◆ DATASET RECORDS:

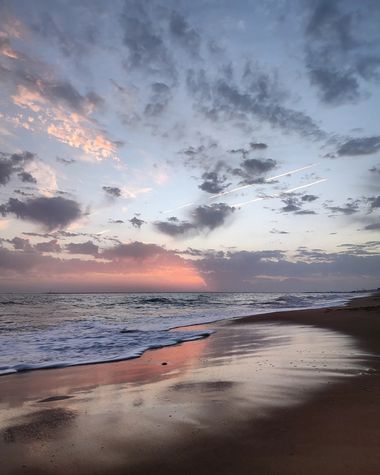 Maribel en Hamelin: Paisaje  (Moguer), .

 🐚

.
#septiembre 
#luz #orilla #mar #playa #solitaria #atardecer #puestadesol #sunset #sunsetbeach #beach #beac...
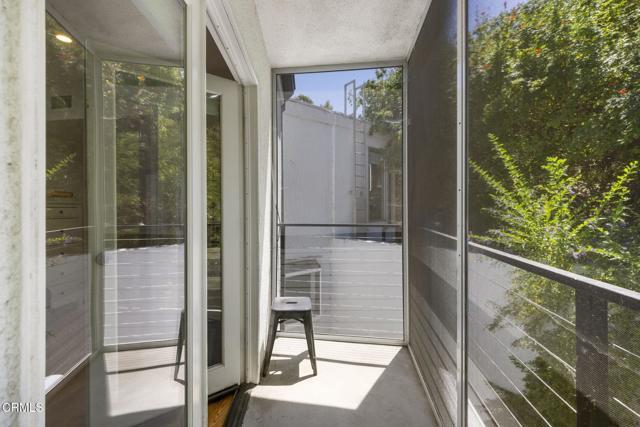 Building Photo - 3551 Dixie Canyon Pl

* * *

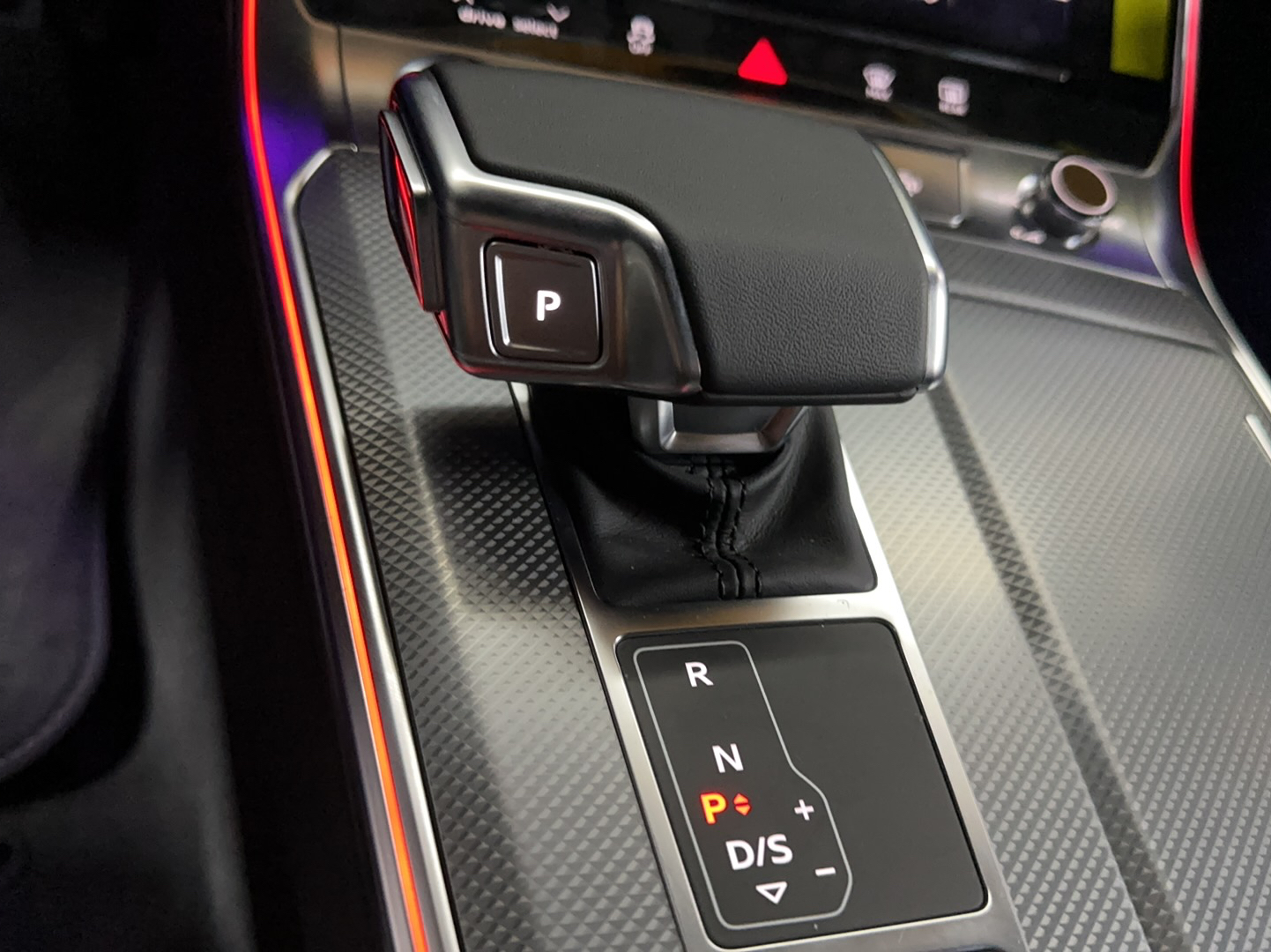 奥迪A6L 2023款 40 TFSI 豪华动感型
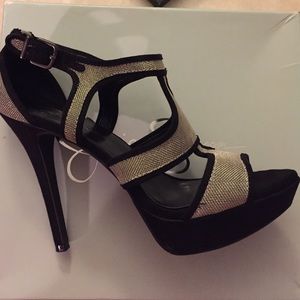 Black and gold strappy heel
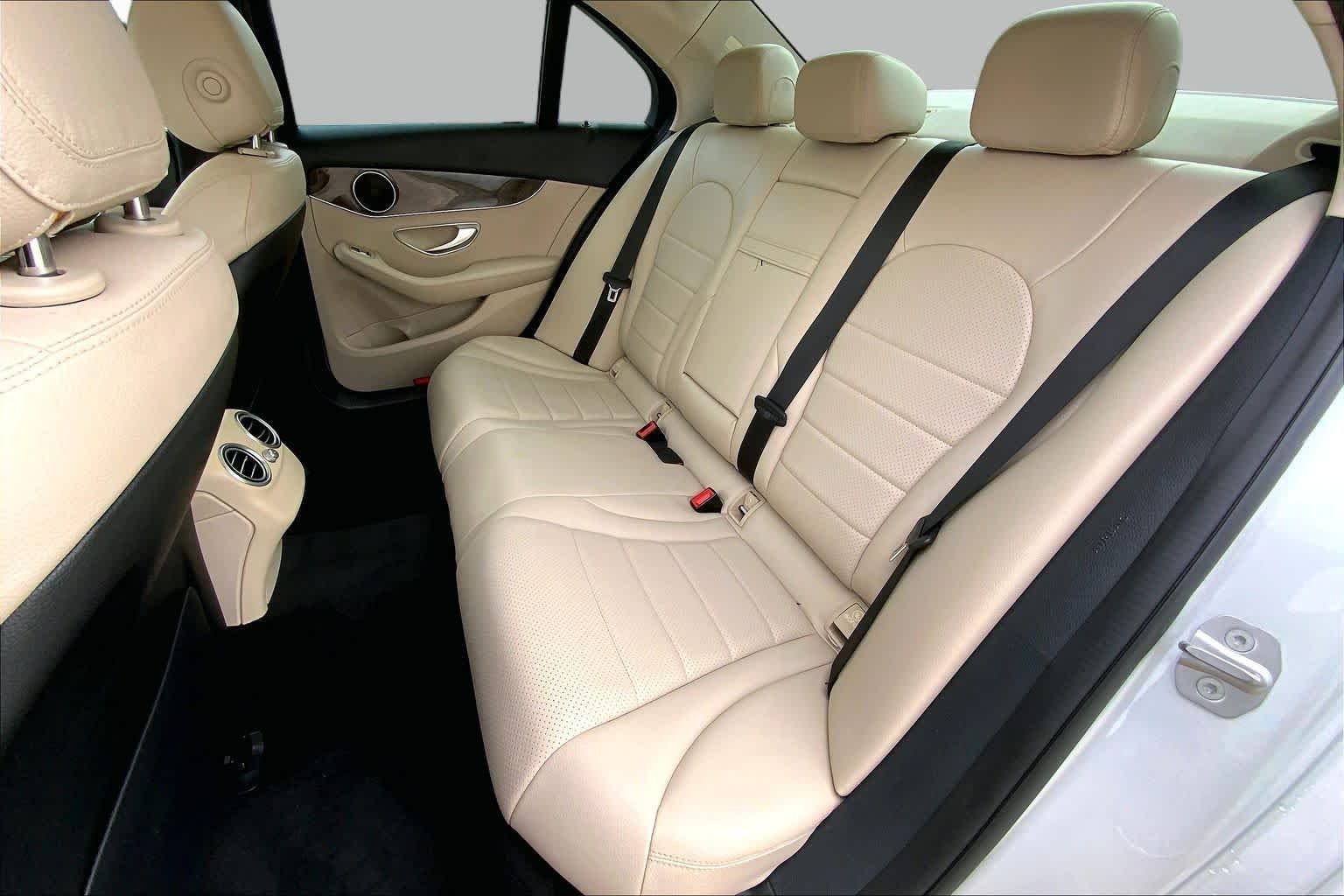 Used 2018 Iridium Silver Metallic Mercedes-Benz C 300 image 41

* * *

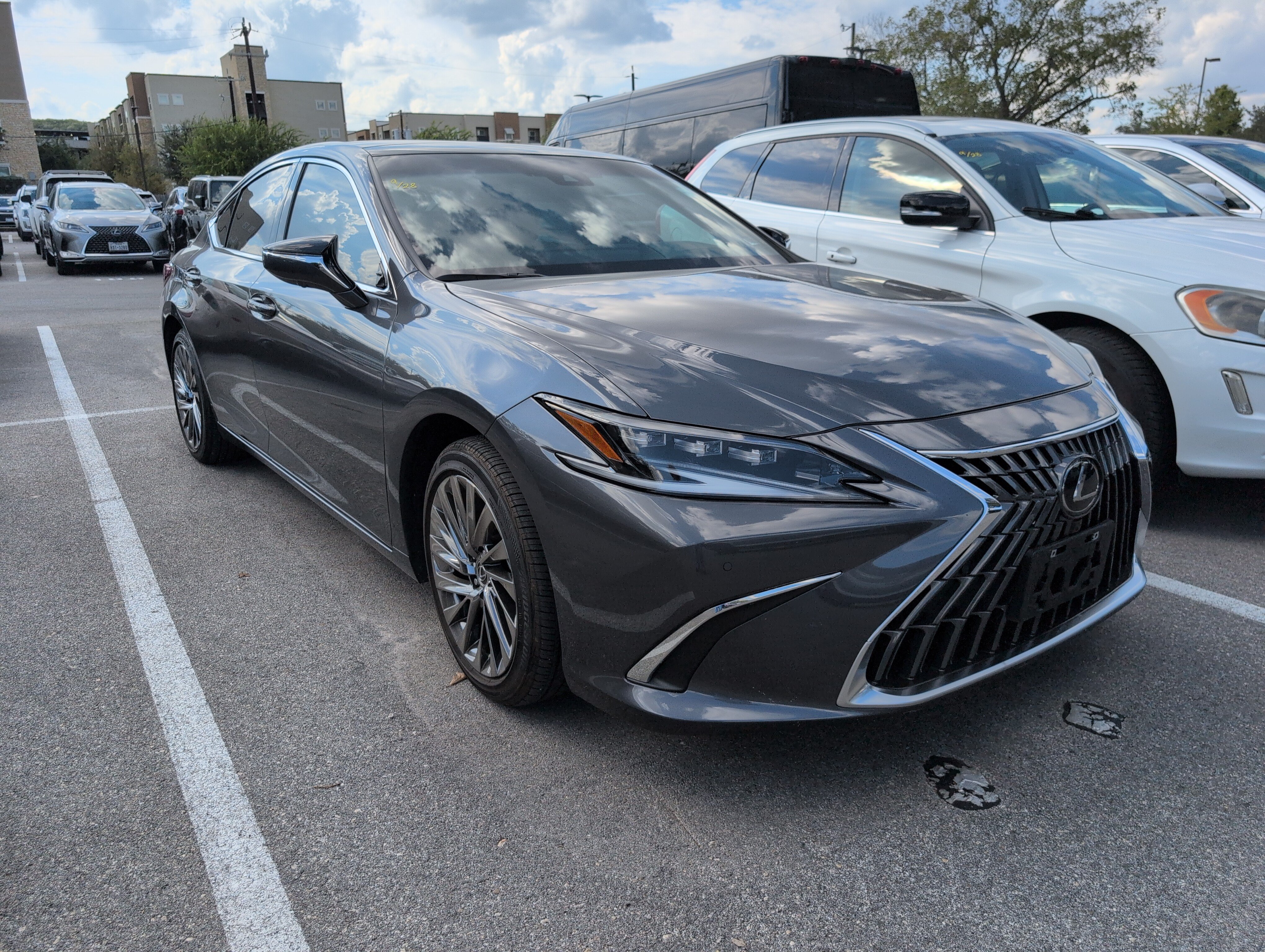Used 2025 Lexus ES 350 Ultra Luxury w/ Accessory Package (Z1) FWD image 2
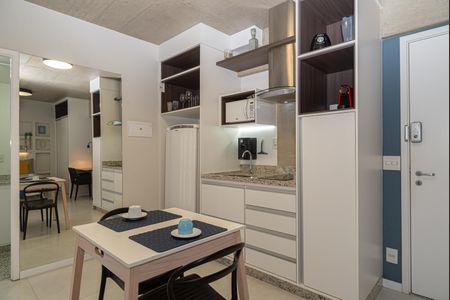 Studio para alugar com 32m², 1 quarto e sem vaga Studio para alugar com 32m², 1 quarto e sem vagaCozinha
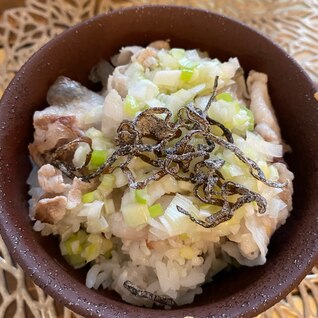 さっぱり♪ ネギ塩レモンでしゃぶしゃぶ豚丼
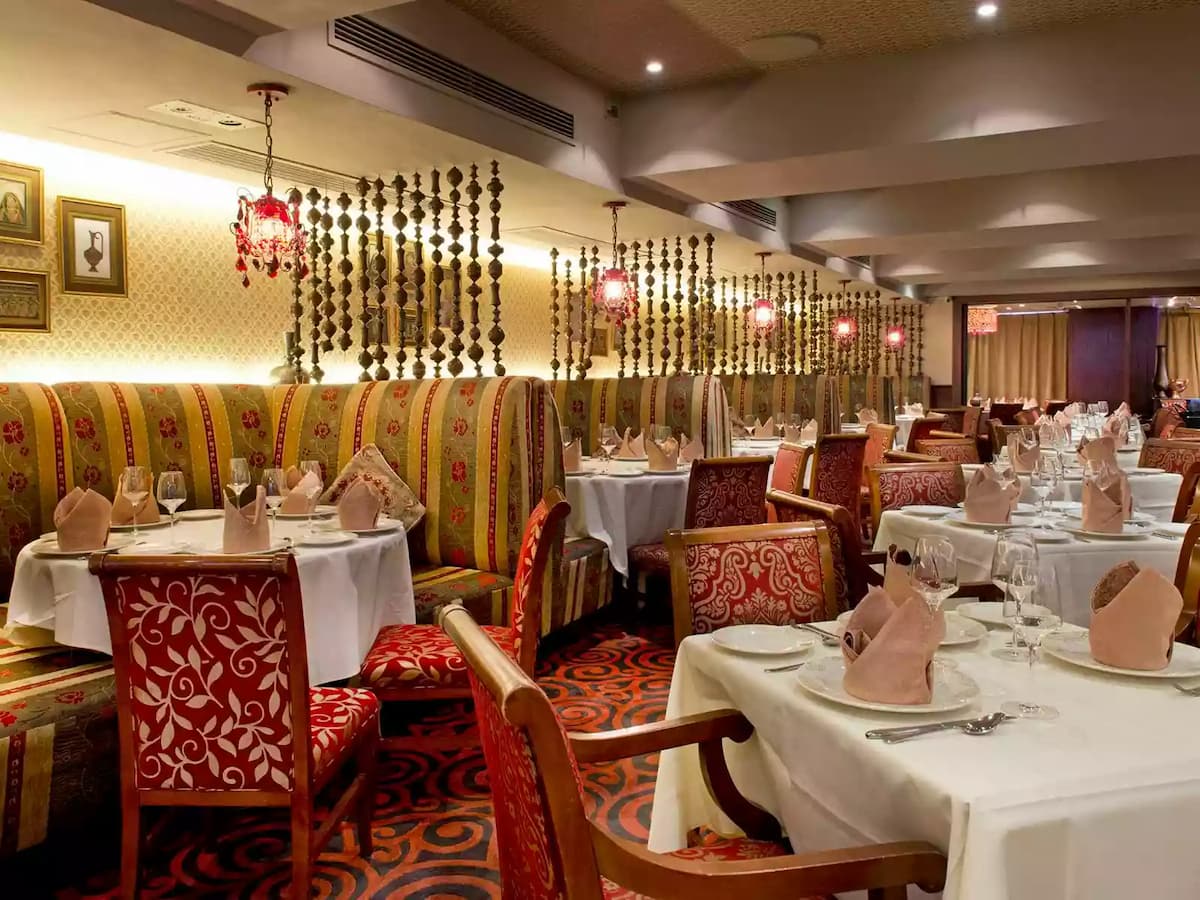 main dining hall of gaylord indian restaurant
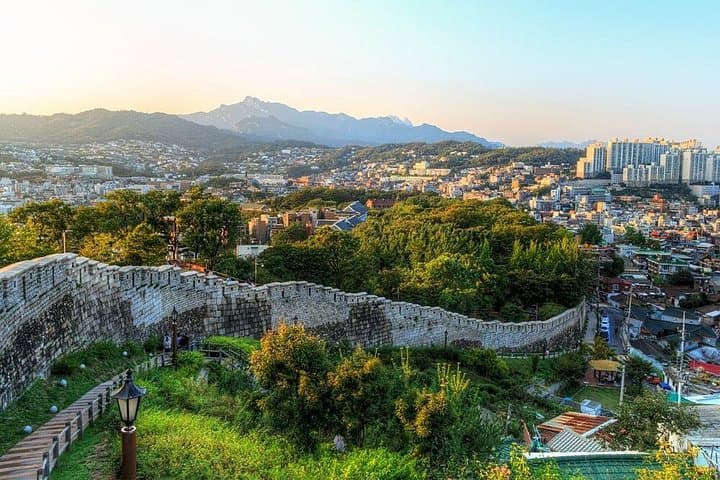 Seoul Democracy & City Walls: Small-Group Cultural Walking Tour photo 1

◆ INSTRUCTIONS TO FOLLOW: Skip every picture, and restate word for word only the lines above from the line containing "Maribel en Hamelin: Paisaje" to the line containing "Building Photo - 3551 Dixie Canyon Pl", both of them included.

◆ SOLVED PROBLEM:
 Maribel en Hamelin: Paisaje  (Moguer), .

 🐚

.
#septiembre 
#luz #orilla #mar #playa #solitaria #atardecer #puestadesol #sunset #sunsetbeach #beach #beac...
 Building Photo - 3551 Dixie Canyon Pl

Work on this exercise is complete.